People’s Park (JP Sniadecki & Libbie Cohn, 2012)
A few thoughts I jotted down while watching People’s Park, a single-take documentary set in a park in the city of Chengdu, Sichuan by directors JP Sniadecki and Libbie Cohn:
- So this is a lot like Russian Ark, the single-take trip through the Hermitage directed by Alexander Sokurov, except that film was fictional and moved freely through time as it compressed and stretched hundreds of years of history into its one shot, whereas this film is a real-time documentary, and therefore rooted in the present. A present which is now past, but that’s beside the point.
- There’s no subtitles and no story. Nothing appears to have been staged for the camera. But we’re narrative-creating beings and not even the simple act of people-watching can stop us from making up little stories about the faces we see. That kid is sad, that man is hungry, those people are in love, those people can barely stand to talk to each other, etc.
- As the camera tracks along a bend in a small stream, the next film that comes to mind is Renoir’s A Day in the Country. And also People on Sunday. Great films from the thirties about middle class Europeans hanging out in public parks on sunny afternoons.
- Also the city symphony genre (À propos de Nice, Man with a Movie Camera). Why did they stop making those?
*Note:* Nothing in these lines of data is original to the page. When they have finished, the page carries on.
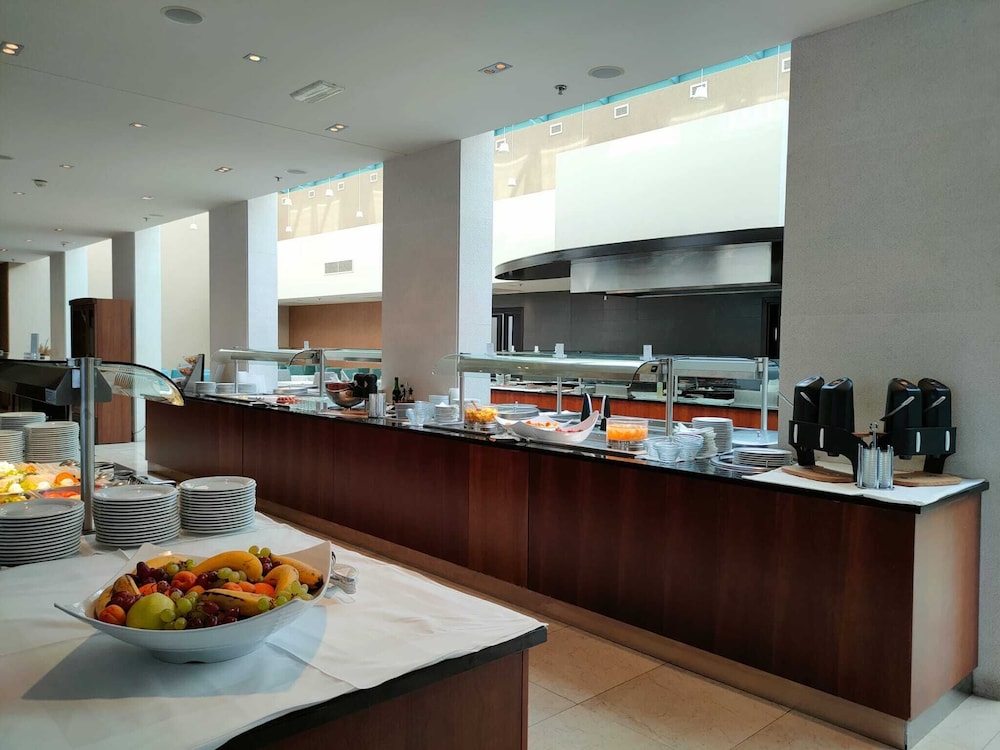 restaurant cafeteria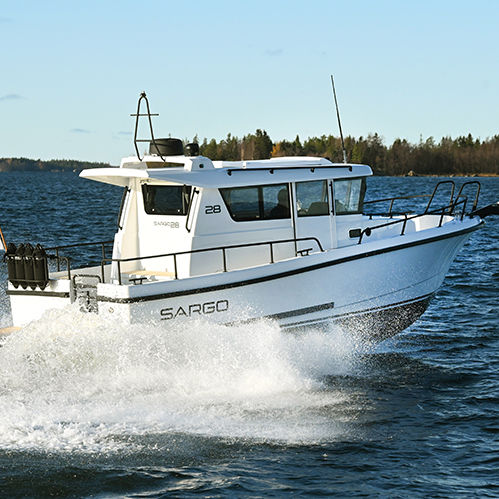 Cabin-Cruiser / Innenborder - 28  - SARGO BOATS / Sarins Batar Oy Ab - mit Steuerhaus / 2 Kabinen / 2 Kojen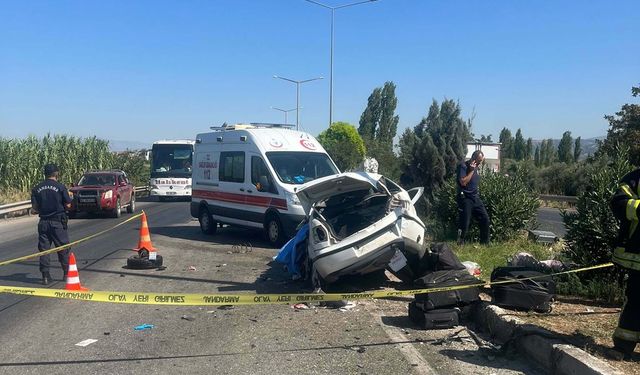 Manisa'da feci kaza: İrfan Saraç ve eşi Emre Saraç öldü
- These middle class Chinese folk are no different. In fact, they seem thoroughly Westernized. One guy flashes a peace sign at the camera. Almost everyone wears Western clothes. I see: jeans, T-shirts, slacks, print dresses, polo shirts, cargo shorts, sneakers, capri pants, cowboy hats. I wonder if these clothes have been adopted because they’re ‘evolutionarily’ better than traditional Eastern clothing, or is it cultural, Hollywood, imperialism, like the way Clark Gable killed the undershirt industry with It Happened One Night, or James Dean caused a boom in blue jeans?
- Is there a specific term for fashion historians? What are their internal disputes like? Are there competing models of fashion history? Are there leftist factions that rail against the imperialist machine? Do they advocate a revolutionary fashion as a consciousness-raising measure? Do they assert that you can’t fight the fashion hegemony while wearing the clothing style of the elites?
- That said, there is one big difference between their clothes and what you’d see in any given US city park: an almost total lack of logos, either corporate or team sports-related. In general there are just a lot fewer shirts with writing on them.
- There’s so much music in this park. A band decked out in orange and white polo shirts leading a sing-along. People dancing in a square, not quite in time to the music coming from a loudspeaker. A long arcade is home to a band playing traditional Chinese instruments, as well as a group of people doing karaoke.
- The sounds in the arcade clash, reverberating against its columns creating an atonal distortion much like that Charles Ives recreated in “Central Park in the Dark”, which captures the sonic experience of walking through the park as sounds fade in and out, inspired by his father’s habit of sending two marching bands in opposite directions around a square, smashing their sounds together and breaking them apart.
- After cruising through the cacophonous arcade, suddenly we break back outside where we see: couples dancing a waltz. A breath of classical air after the oppressively fuzzy modernity.
- Near yet another band playing, there’s a man doing calligraphy in water on the stone walkway. Nearby is a kebab stand selling hot dogs on sticks. Meats on sticks is a universal human value.
- In the end we’re back where we started: a group of people dancing to pop music (Michael Jackson is also a universal human value) in a large plaza. These dancers are more professional than the out-of-time folks that started the film though. They seem like a descendant of Jia Zhangke’s breakdancing troupe from Platform. Except for the old man who dances with a chicken. I have no idea where that comes from.